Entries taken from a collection
= Beginning of Section =
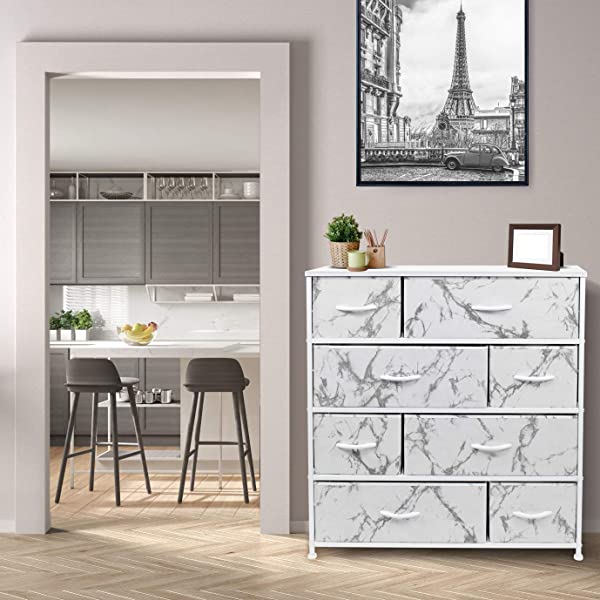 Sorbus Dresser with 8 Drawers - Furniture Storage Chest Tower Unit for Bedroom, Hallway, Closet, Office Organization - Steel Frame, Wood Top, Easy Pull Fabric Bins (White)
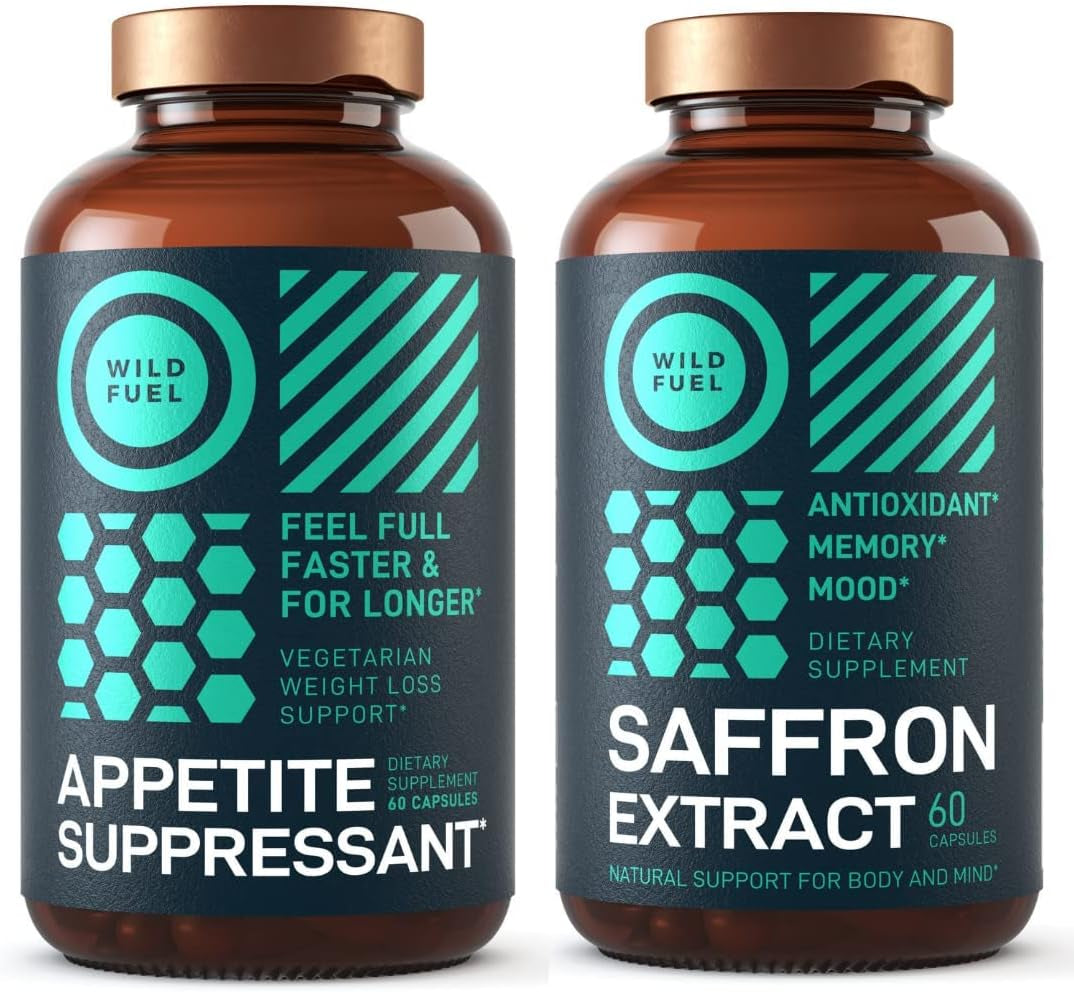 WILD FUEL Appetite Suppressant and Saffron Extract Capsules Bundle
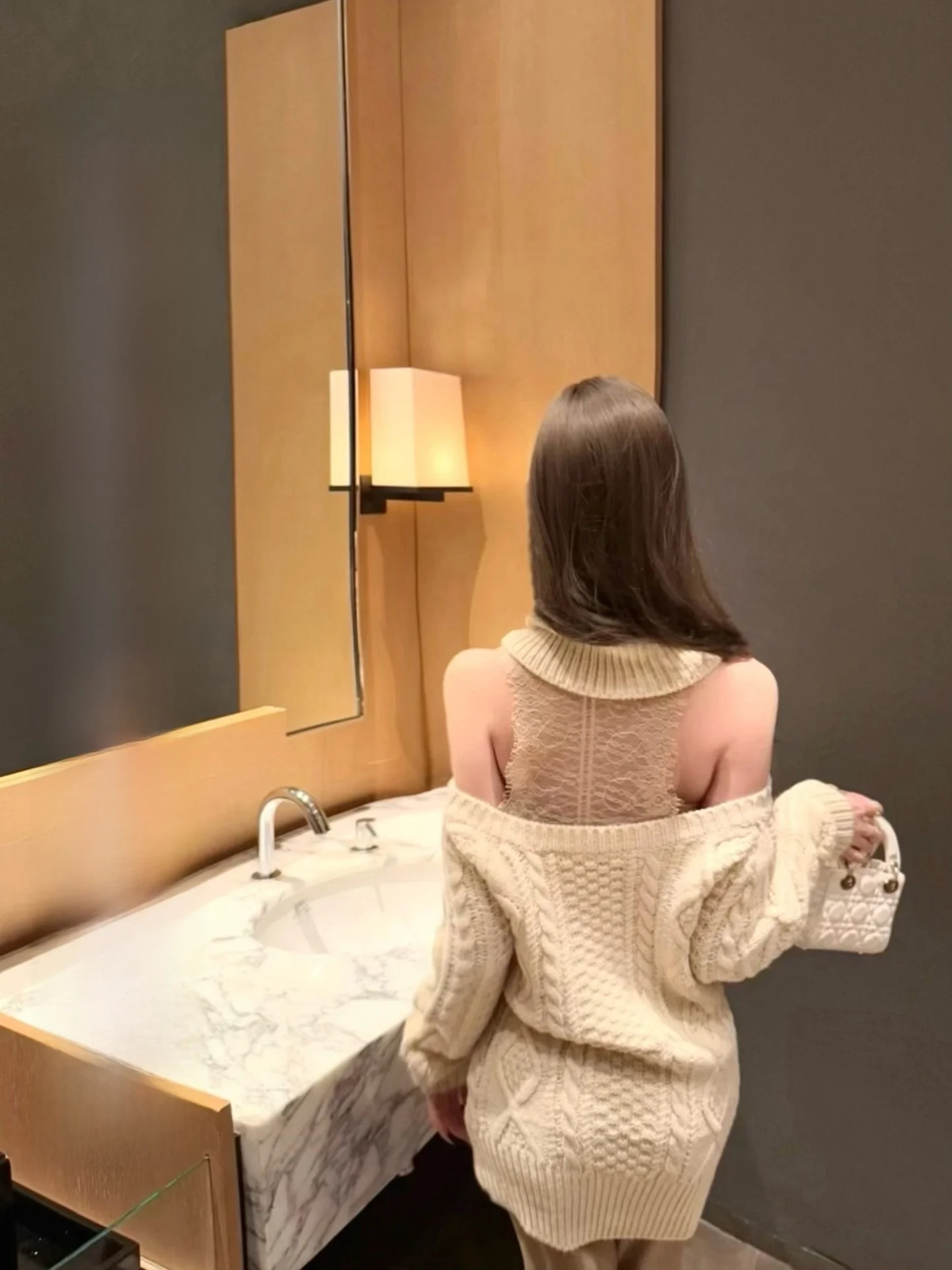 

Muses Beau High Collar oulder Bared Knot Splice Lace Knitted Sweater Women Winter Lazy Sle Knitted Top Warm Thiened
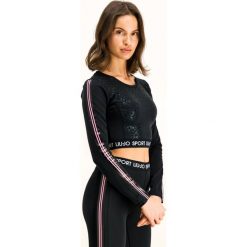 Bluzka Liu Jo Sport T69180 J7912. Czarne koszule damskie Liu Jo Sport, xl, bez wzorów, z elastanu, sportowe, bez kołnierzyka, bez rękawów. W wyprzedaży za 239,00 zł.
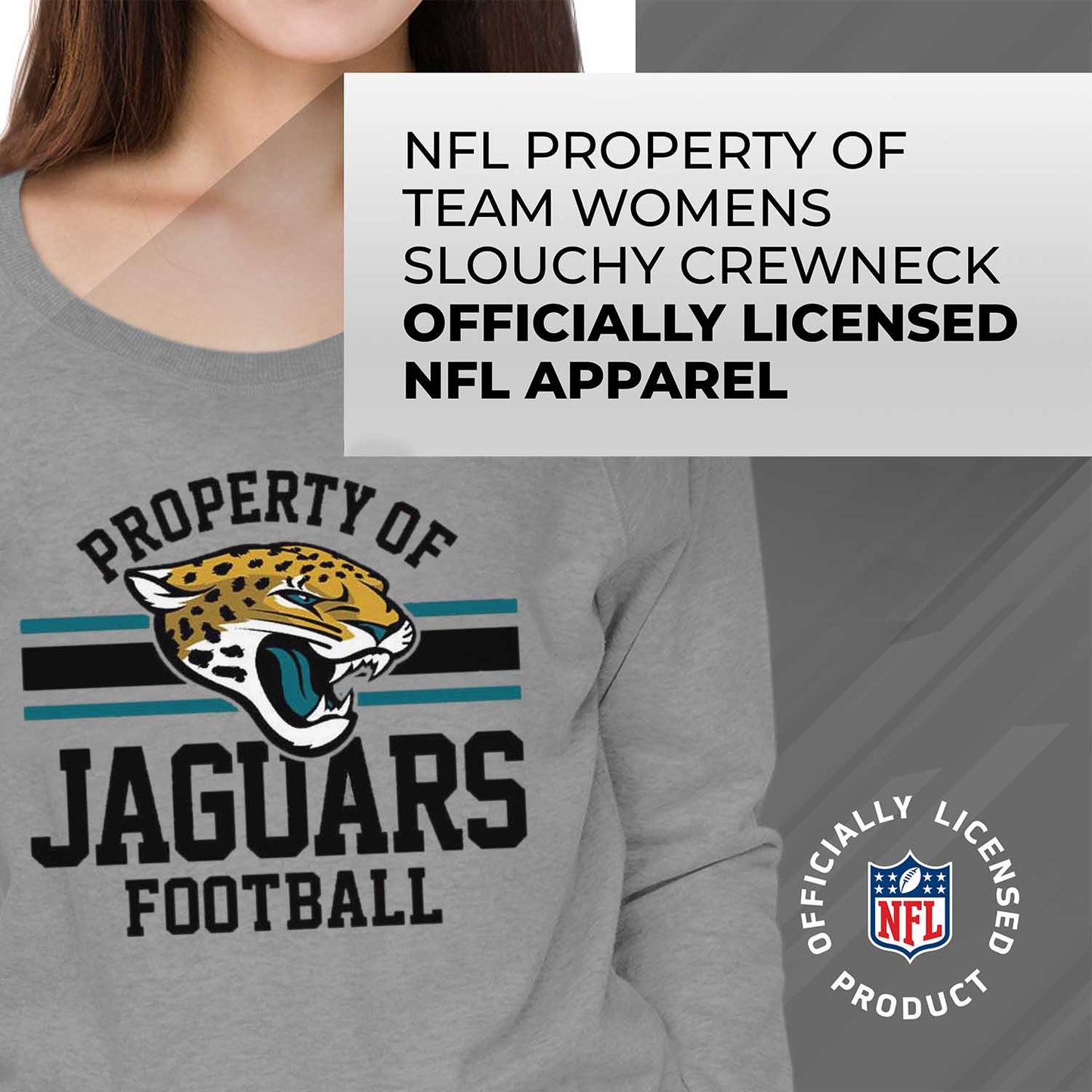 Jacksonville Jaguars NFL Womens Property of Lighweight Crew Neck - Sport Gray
= End of Section =
◆ **TASK**: Return the lines of the data above in full and exactly, with no pictures.

◆ **REPLY TO THE TASK**:
 Sorbus Dresser with 8 Drawers - Furniture Storage Chest Tower Unit for Bedroom, Hallway, Closet, Office Organization - Steel Frame, Wood Top, Easy Pull Fabric Bins (White)
 WILD FUEL Appetite Suppressant and Saffron Extract Capsules Bundle

Muses Beau High Collar oulder Bared Knot Splice Lace Knitted Sweater Women Winter Lazy Sle Knitted Top Warm Thiened
 Bluzka Liu Jo Sport T69180 J7912. Czarne koszule damskie Liu Jo Sport, xl, bez wzorów, z elastanu, sportowe, bez kołnierzyka, bez rękawów. W wyprzedaży za 239,00 zł.
 Jacksonville Jaguars NFL Womens Property of Lighweight Crew Neck - Sport Gray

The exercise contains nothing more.